3.2.5. Extraction recovery and matrix effects
The extraction recovery of PF-04620110 ranged from 85.37% to 91.31% with RSD% below 15% (as shown in Table 2). The matrix effects of PF-04620110 ranged from 94.39% to 105.09% and the RSD% did not exceed 8.87%. The extraction recovery and matrix effects of IS were 87.56% and 93.92%, respectively. These data suggested that the developed assay had satisfactory extraction efficiency and no endogenous substances impacted the ionization of the analytes.
The stability results demonstrated that PF-04620110 was stable under the tested storage conditions. The RE% ranged from -7.67% to 9.06%, with RSD% less than 8.79% (Table 3).
3.3. Pharmacokinetics study
The established UHPLC-Q-Exactive-Orbitrap-MS method was further successfully applied tothe pharmacokinetic study of PF-04620110. Figure 3 depicted the plasma concentration versus time profiles of PF-04620110 in dog plasma after single intravenous and oral administration of PF-04620110. The pharmacokinetic parameters were summarized in Table
4. After intravenous administration, PF-04620110 was slowly eliminated from the plasma with clearance (CL) of 60.81 ± 7.11 mL/h/kg, which was far below the blood flow (~1854 mL/h/kg).
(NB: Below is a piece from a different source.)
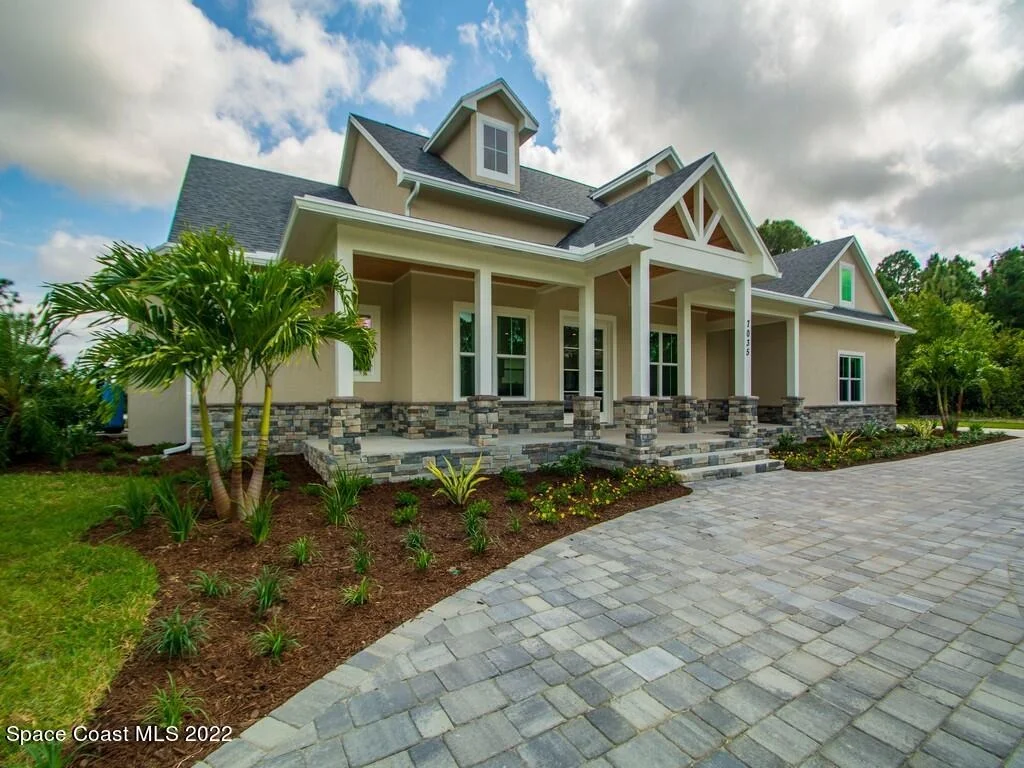 Photo of 7035 Indian River Boulevard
Its half-life (T1/2) was 6.72 ± 0.95 h. The AUC0-t was 8.30 ± 0.94 μg·h/mL. After oral administration, PF-04620110 showed fast absorption and reached the maximum concentration (1.25 ± 0.15 μg/mL) at 3.50 ± 1.00 h post-dose. It was also slowly eliminated from the plasma with CL of 81.44 ± 25.79 mL/h/kg and T1/2 of 6.53 ± 1.38 h. The oral bioavailability was determined to be 77.89% in dogs, suggesting that PF-04620110 would have an excellent gastrointestinal absorption and low first-pass metabolism.
A quantitative method based on UHPLC-Q-Exactive-Orbitrap-MS in full scan mode was developed and validated for the determination of PF-04620110 in dog plasma. The method was demonstrated to be selective, linear, precise and accurate. The LLOQ of the method was 1 ng/mL. The validated method has been successfully applied to the pharmacokinetic study of PF-04620110 in dogs and the results revealed that PF-04620110 showed slow elimination and high in vivo exposure. Its oral bioavailability was calculated to be 77.89%. As far as we know, this was the first report on the pharmacokinetics of PF-04620110 in dog plasma.
This work was financially supported by National Natural Science Foundation of China (Project No. 81302870) and Guangdong Science and Technology Planning Project (Project No. 2013B021800043).
Conflict of interests
The authors declared no conflict of interests.